* Assignment
Copy all records exactly, excluding images.
--- Task data Enclosed Below ---
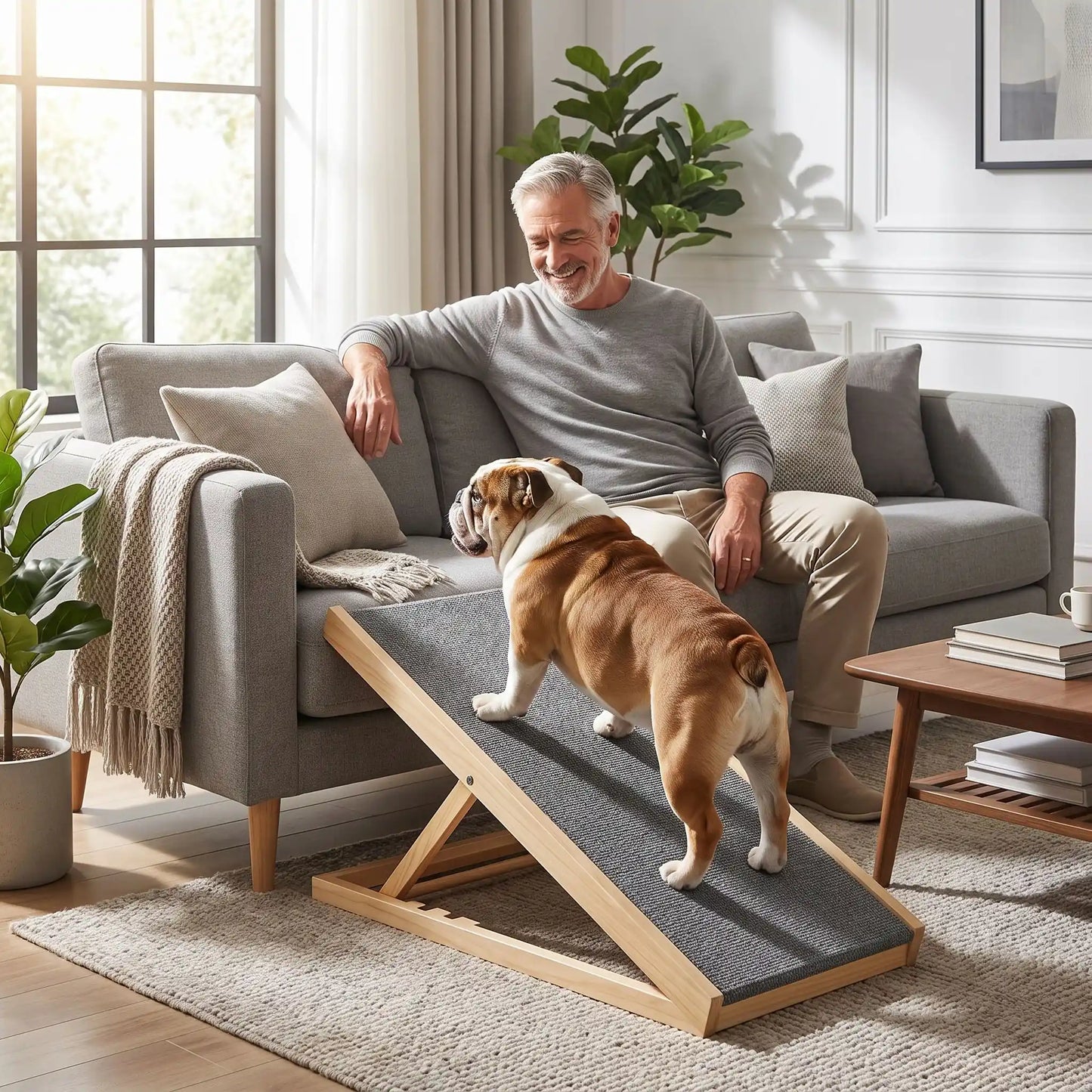 Rampes-pour-chien-chiot pliable, en bois massif robuste de pin et surface adaptable en moquette douce et antidérapante pour un accès sécurisé et facile au meubles, canapé, lit de la maison ou en transport en déplacement, en voiture pour la montée et la descente du chien en toute autonomie et sécurité, disponible en deux modèles : 70/100cm 2/4 hauteurs réglables -un chien moyen à pattes courtes qui monte confortablement sur la rampe inclinée pour rejoindre son maitre sur le canapé du salon de la maison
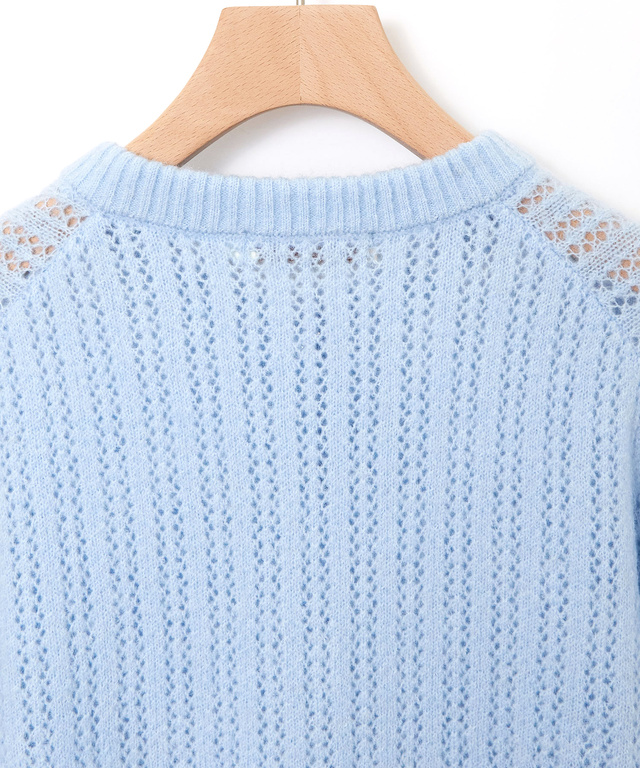 ウールブレンド ケーブル ニットカーディガン【手洗いOK】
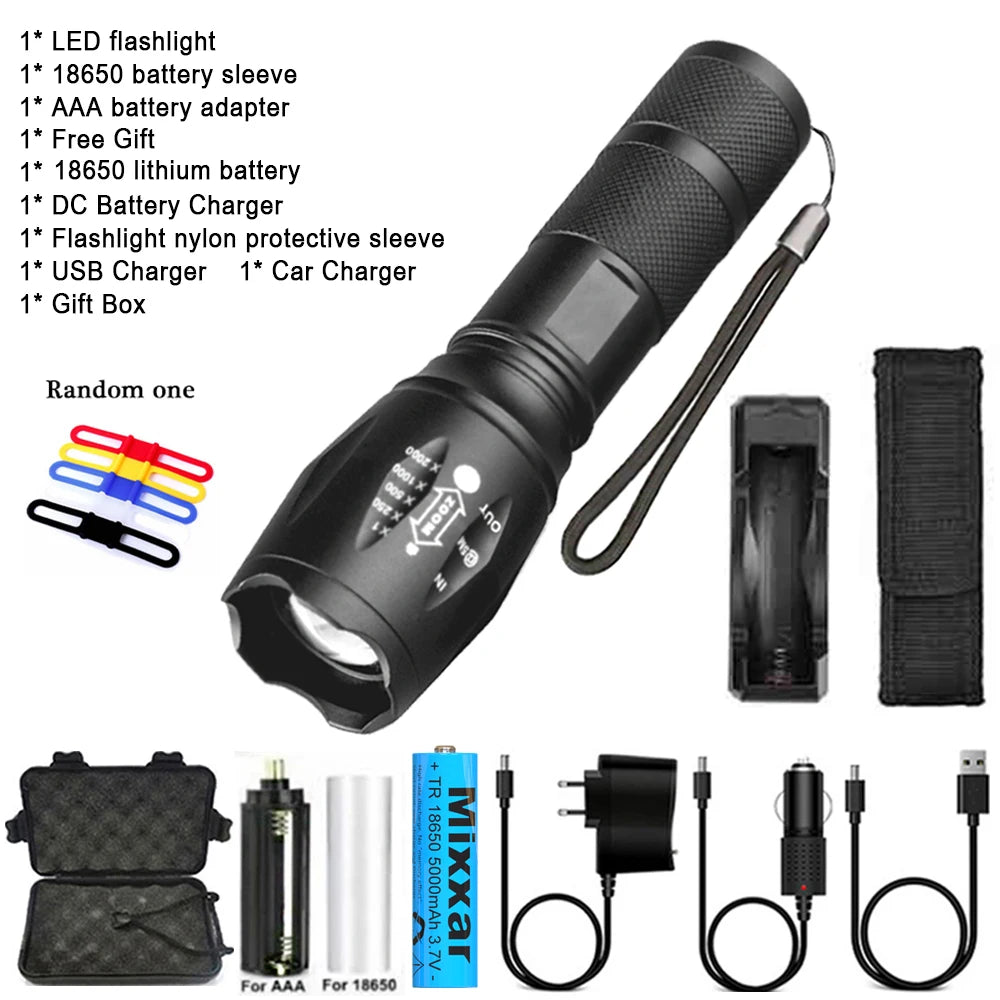 ZK30 Portable Powerful LED Lamp T6 Flashlight Linterna Torch Uses 18650 Chargeable Battery Outdoor Camping Tactics Flash Light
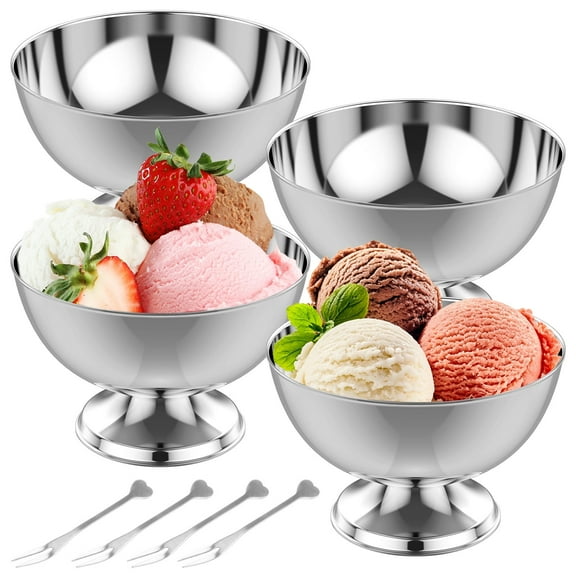 4 Pcs Stainless Steel Ice Cream Bowl with 4 Fork Reusable Pudding Cup Portable Dessert Bowl for Dessert Sundae Salad Cocktail Condiment Trifle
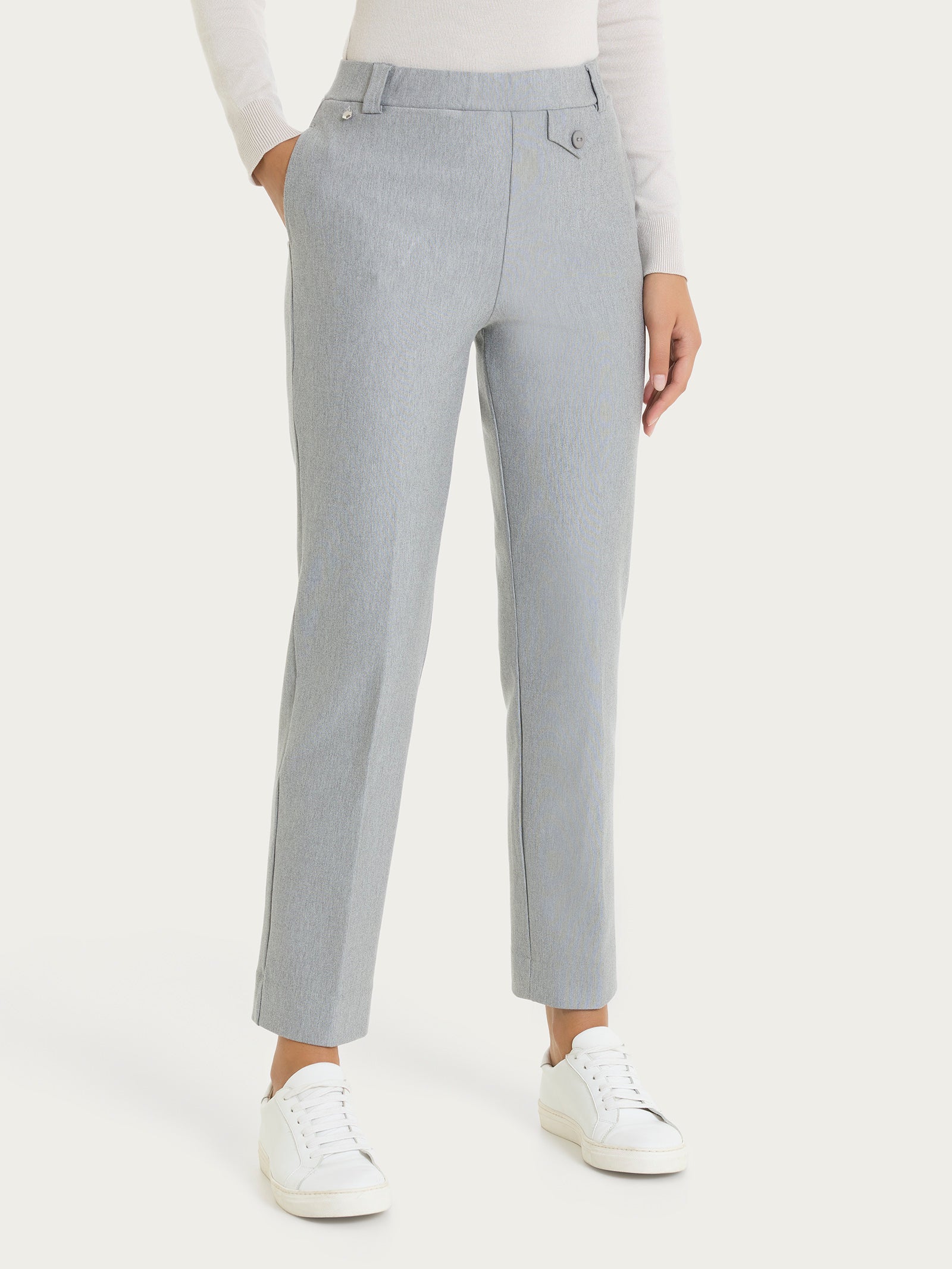 Ragno Compact pantalone dritto grigio melange viscosa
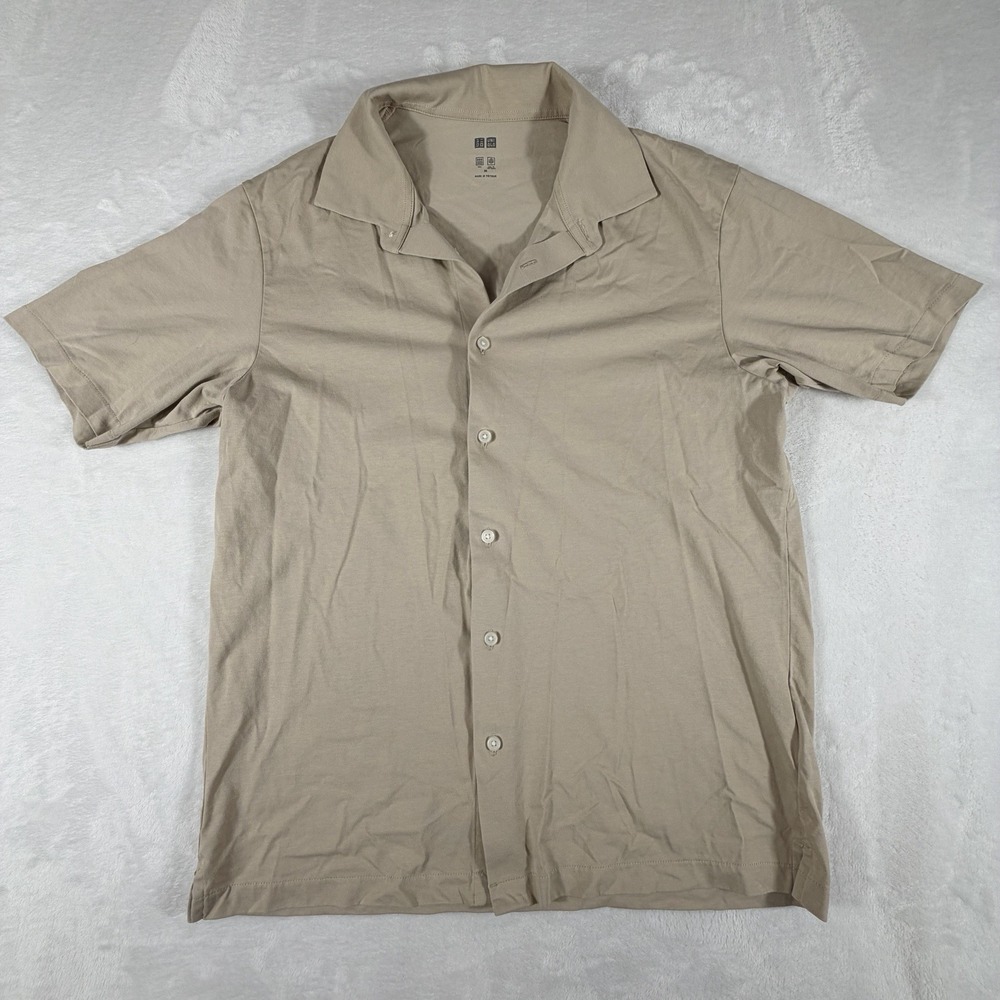 Uniqlo Shirt Men's‎ Size M Beige U Oversized Short Sleeve Button-Up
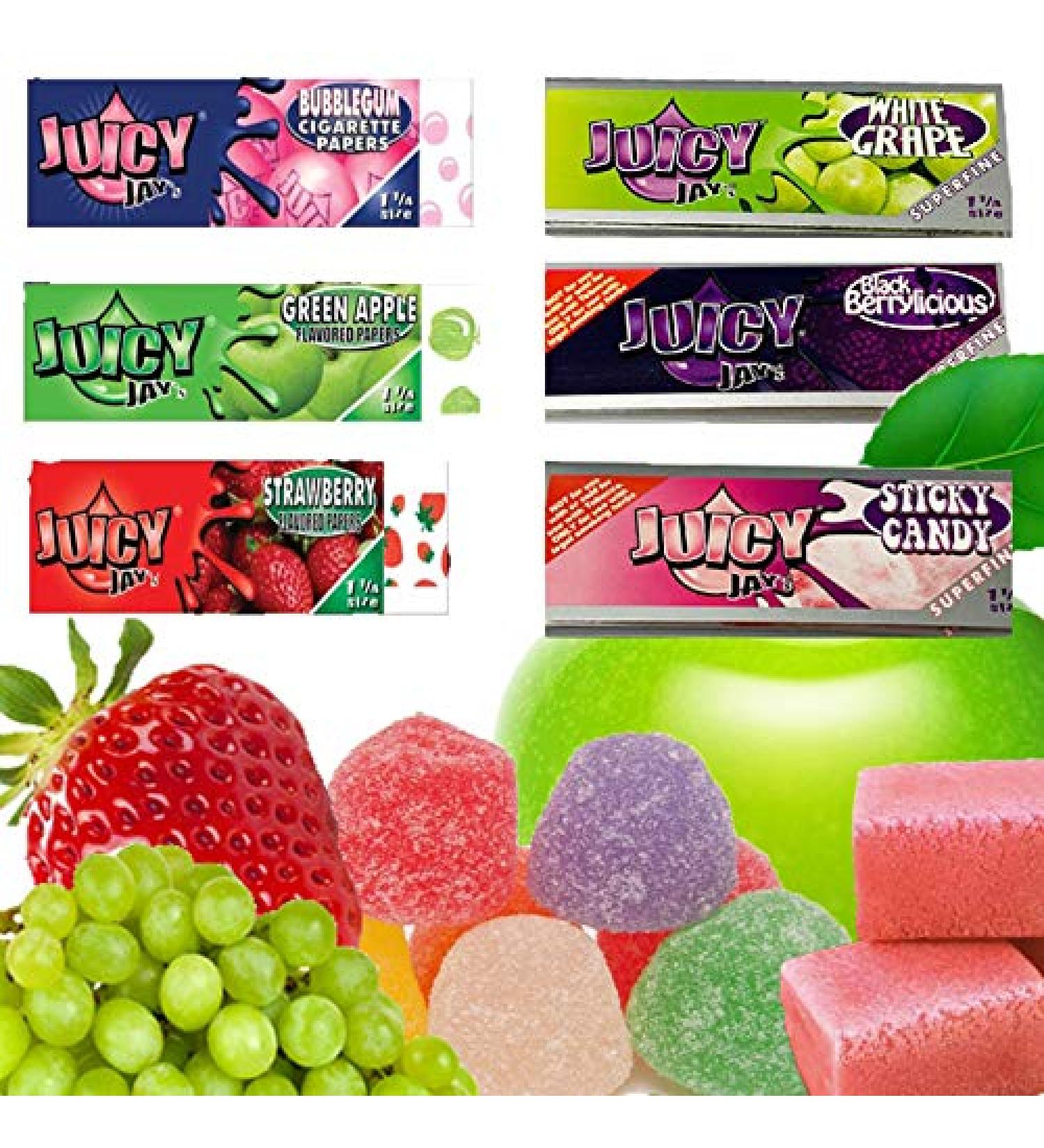 Bundle Pack Juicy Jay's Flavoured Rolling Papers - Sticky Candy White Grape Strawberry Green Apple Black Berrylicious Bubblegum - 1 Pack Each - 6 Packs Total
--- End of Enclosed Task data ---
* Exercise solution
 Rampes-pour-chien-chiot pliable, en bois massif robuste de pin et surface adaptable en moquette douce et antidérapante pour un accès sécurisé et facile au meubles, canapé, lit de la maison ou en transport en déplacement, en voiture pour la montée et la descente du chien en toute autonomie et sécurité, disponible en deux modèles : 70/100cm 2/4 hauteurs réglables -un chien moyen à pattes courtes qui monte confortablement sur la rampe inclinée pour rejoindre son maitre sur le canapé du salon de la maison
 ウールブレンド ケーブル ニットカーディガン【手洗いOK】
 ZK30 Portable Powerful LED Lamp T6 Flashlight Linterna Torch Uses 18650 Chargeable Battery Outdoor Camping Tactics Flash Light
 4 Pcs Stainless Steel Ice Cream Bowl with 4 Fork Reusable Pudding Cup Portable Dessert Bowl for Dessert Sundae Salad Cocktail Condiment Trifle
 Ragno Compact pantalone dritto grigio melange viscosa
 Uniqlo Shirt Men's‎ Size M Beige U Oversized Short Sleeve Button-Up
 Bundle Pack Juicy Jay's Flavoured Rolling Papers - Sticky Candy White Grape Strawberry Green Apple Black Berrylicious Bubblegum - 1 Pack Each - 6 Packs Total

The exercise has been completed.